I am making my 10 gallon a planted tank and I was wondering if this would this be safe to use? http://www.scotts.com/smg/goprod/miracle-gro-organic-choice-garden-soil/prod70308/

The NPK is 0.10 - 0.05 - 0.10 the lady said on the online chat on Scotts website.

She also said Miracle gro Organic Choice garden soil has: 
Ciara: Regionally formulated with organic materials
Ciara: * Includes one or more of following: forest products, peat humus, and/or compost
Ciara: As well as:
Ciara: * Sphagnum Peat
Ciara: * Composted manure (in Florida - cow Manure)
Ciara: * Pasteurized, pelleted poultry litter

This is what she said.










She Said Miracle gro organic choice potting mix which I see everyone using in their tanks has: 
Ciara: Contains:
Ciara: * Composted bark
Ciara: * Sphagnum Peat Moss
Ciara: * Pasteurized Poultry Litter (Organic certified source)


----------



## testeve (Sep 17, 2012)

I wouldn't put that stuff in my tank. It's only a 10 gallon?
Buy some good quality aqua soil. There are a lot of good aqua soils out there now that planted tanks have become so popular.

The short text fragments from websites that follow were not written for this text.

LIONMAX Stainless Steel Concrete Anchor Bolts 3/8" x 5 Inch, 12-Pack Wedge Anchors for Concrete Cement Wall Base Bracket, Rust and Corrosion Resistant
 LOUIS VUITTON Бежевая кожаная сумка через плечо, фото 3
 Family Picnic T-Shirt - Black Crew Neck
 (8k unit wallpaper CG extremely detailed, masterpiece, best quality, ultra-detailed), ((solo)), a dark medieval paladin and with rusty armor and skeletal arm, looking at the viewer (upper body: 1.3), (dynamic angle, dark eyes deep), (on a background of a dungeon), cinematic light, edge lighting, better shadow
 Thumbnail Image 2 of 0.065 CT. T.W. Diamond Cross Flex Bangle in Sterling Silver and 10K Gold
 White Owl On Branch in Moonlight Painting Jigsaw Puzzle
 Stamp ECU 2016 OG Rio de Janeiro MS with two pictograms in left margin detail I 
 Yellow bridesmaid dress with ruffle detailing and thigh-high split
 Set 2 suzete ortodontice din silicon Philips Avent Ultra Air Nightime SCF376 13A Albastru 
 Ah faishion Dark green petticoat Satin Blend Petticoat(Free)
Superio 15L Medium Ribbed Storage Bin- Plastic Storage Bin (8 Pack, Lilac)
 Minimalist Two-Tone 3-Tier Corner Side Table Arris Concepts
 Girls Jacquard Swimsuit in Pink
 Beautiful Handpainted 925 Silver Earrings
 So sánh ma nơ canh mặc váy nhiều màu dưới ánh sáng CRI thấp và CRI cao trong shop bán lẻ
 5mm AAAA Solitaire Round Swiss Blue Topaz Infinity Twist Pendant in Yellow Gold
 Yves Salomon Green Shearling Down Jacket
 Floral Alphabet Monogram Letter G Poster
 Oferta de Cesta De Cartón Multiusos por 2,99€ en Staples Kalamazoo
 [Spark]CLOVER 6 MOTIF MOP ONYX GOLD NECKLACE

My personal preference is ADA aquasoil.


----------



## BillD (May 17, 2005)

If you want to use soil, stay away from those that contain a high amount of organic matter. It will just rot and add to the nutrient level of the tank. You are better served with a low organic top soil, or else mineralize the soil first. There are many threads on minerlized top soil in the planted tank forums.


----------